# Factor Analysis In R

Making informed choices about active managers has never been anyone’s idea of a picnic, but ongoing developments in R packages eases the burden. Consider the essential work of factor analysis, which is a statistical technique for identifying the sources of risk and return in a portfolio through an objective prism. If nothing else, performing this task is the antidote to marketing hype that permeates the world of investment management. The gold standard for analyzing equity portfolios is regressing the returns against the Fama-French data set (FF), which is updated regularly at Professor Ken French’s web site. In the old days, the chore of downloading FF data, copying it into Excel, and running the analysis was quite tedious and time consuming, as this 2001 how-to article by Bill Bernstein reminds. If you had a deft hand in spreadsheet analysis, maybe you could slice and dice a fund’s history in ten minutes. Fast forward 13 years and you’ll find that factor analysis has become a snap. Using the R code I’ve written below, we can download the necessary data and run the analysis in less than ten seconds for each fund.
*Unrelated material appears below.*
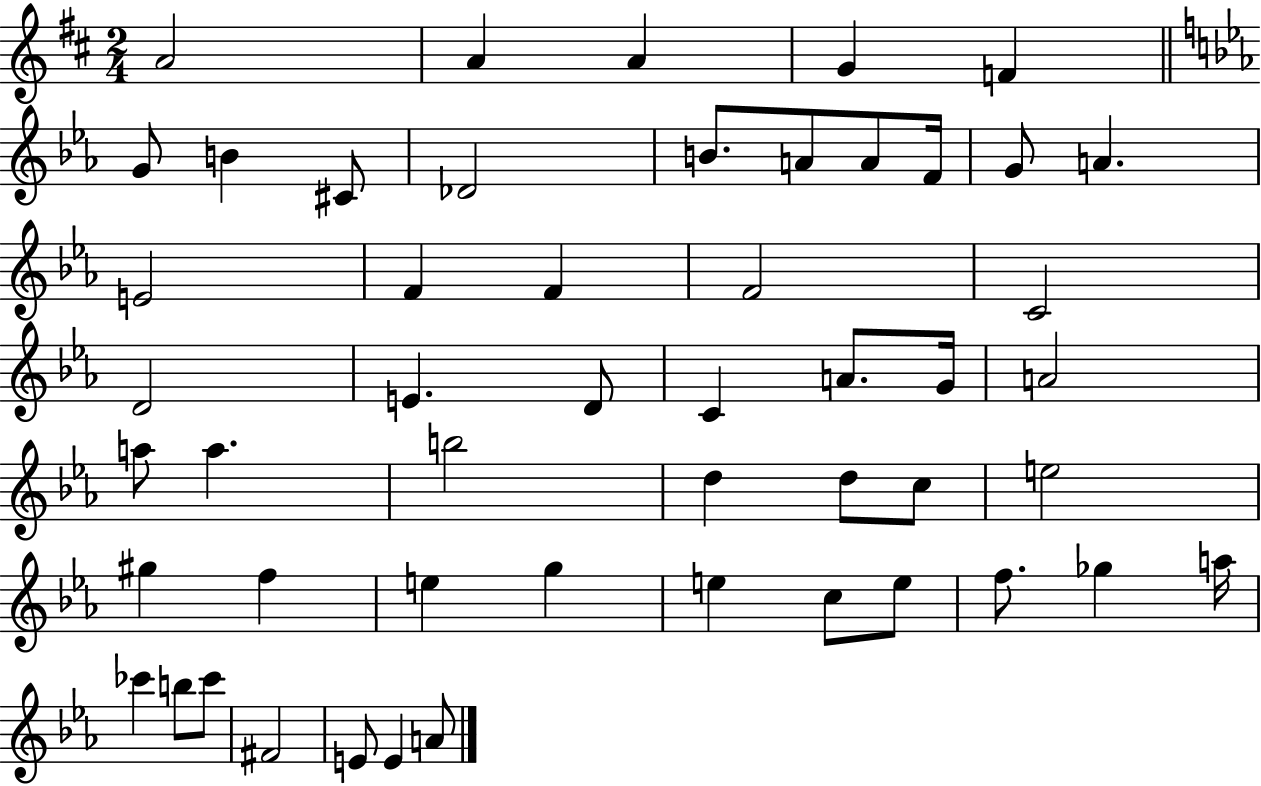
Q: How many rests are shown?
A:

As a quick example, let’s analyze a fund using data for the ten years through June 2014 (the last month currently available on the FF site). Using Morningstar’s basic screening tool, I’ve chosen a top-performing five-star US equity fund with a strong trailing 10-year return: Lord Abbett Developing Growth (LADYX). Morningstar labels the fund as a small-growth portfolio. Let’s see how the numbers stack up when we run the returns through a factor-analysis framework in R (see code below to replicate the analysis). As you can see under the Coefficients Estimate column on the left, which effectively lists the fund’s betas, LADYX has a bit of above-market risk relative to the stock market overall, as indicated by the 1.11 reading for the fund at the ff.rp.\$MKT row. A 1.0 value for the ff.rp\$MKT factor implies an equivalent degree of risk with stocks generally. Note that the fund’s high small-cap beta reading shows up at roughly 0.85. Clearly there’s a lot of traction with small stocks and so it’s obvious that small stocks are a key part of this fund’s risk tilt.
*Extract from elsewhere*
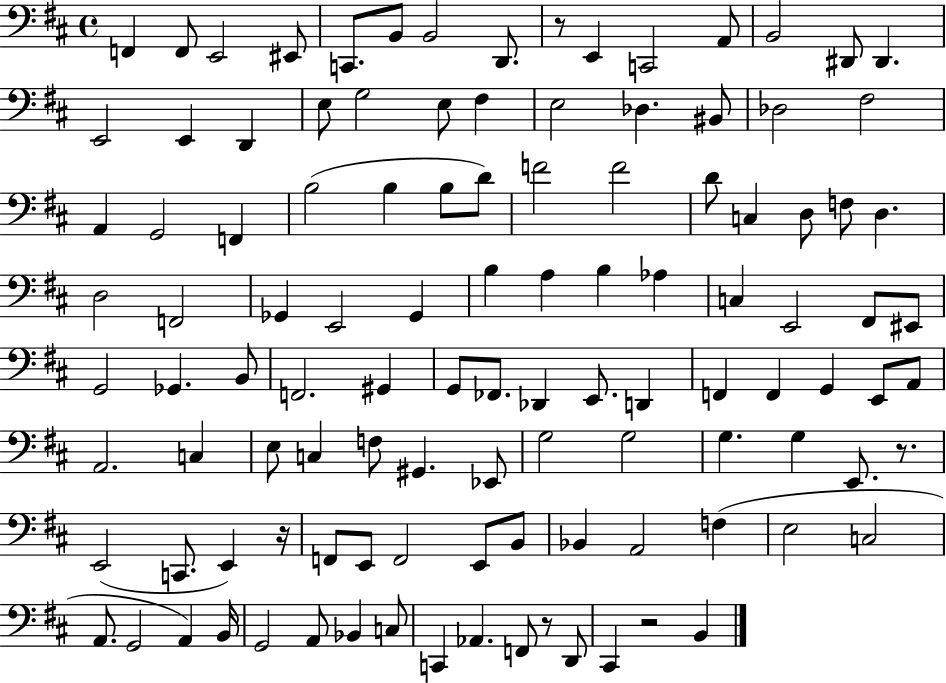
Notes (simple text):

F2/q F2/e E2/h EIS2/e C2/e. B2/e B2/h D2/e. R/e E2/q C2/h A2/e B2/h D#2/e D#2/q. E2/h E2/q D2/q E3/e G3/h E3/e F#3/q E3/h Db3/q. BIS2/e Db3/h F#3/h A2/q G2/h F2/q B3/h B3/q B3/e D4/e F4/h F4/h D4/e C3/q D3/e F3/e D3/q. D3/h F2/h Gb2/q E2/h Gb2/q B3/q A3/q B3/q Ab3/q C3/q E2/h F#2/e EIS2/e G2/h Gb2/q. B2/e F2/h. G#2/q G2/e FES2/e. Db2/q E2/e. D2/q F2/q F2/q G2/q E2/e A2/e A2/h. C3/q E3/e C3/q F3/e G#2/q. Eb2/e G3/h G3/h G3/q. G3/q E2/e. R/e. E2/h C2/e. E2/q R/s F2/e E2/e F2/h E2/e B2/e Bb2/q A2/h F3/q E3/h C3/h A2/e. G2/h A2/q B2/s G2/h A2/e Bb2/q C3/e C2/q Ab2/q. F2/e R/e D2/e C#2/q R/h B2/q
Meantime, note that the value reading is negative and the momentum beta is close to zero, which suggests that these factors aren’t relevant for the fund. Also, note the high Intercept value, which measures the fund’s alpha (returns above the benchmark). The positive 0.29% alpha contribution (roughly 3.5% a year) suggests that this fund is adding a fair amount of value over what an equivalent index fund exposed to these betas would deliver. No wonder, then, that Morningstar gave it a high five-star rating.

To play devil’s advocate, we might question how much value in LADYX’s results is really due to skill vs. luck based on the p-value for the Intercept reading. The p-value of 0.123 for the Intercept row (far right) tells us that the alpha reading isn’t statistically significant and so it may be due to noise. By contrast, the p-values for the MKT, SMALL, and VALUE readings are statistically significant. At the very least, the elevated p-value reading for the Intercept/alpha data tells us to take a deeper look at the fund before deciding that active-management talent reigns supreme here. (Generally, p-values below 0.05 suggest that we can reject the null hypothesis, which in this case is the default assumption that the performance results are due to random results. But discovering that the p-value is well above 0.05 for the alpha leaves room for doubt for thinking that stock-picking skill is a key factor here. Perhaps there’s genuine alpha, but the p-value at the very least implies that the market-beating results aren’t as high as the raw data shows.)

Keep in mind that the FF data set offers a range of nuance that allows us to run a variety of factor-analysis tests beyond the basic one shown above. The larger point is that the flexibility of R offers a rich toolbox for high-level analysis in the crucial business of measuring and evaluating sources of risk and return. Factor analysis alone isn’t the last word when it comes to fund analysis, but it’s surely a crucial part of any serious review. The fact that it’s easy to do in R only sweetens the deal.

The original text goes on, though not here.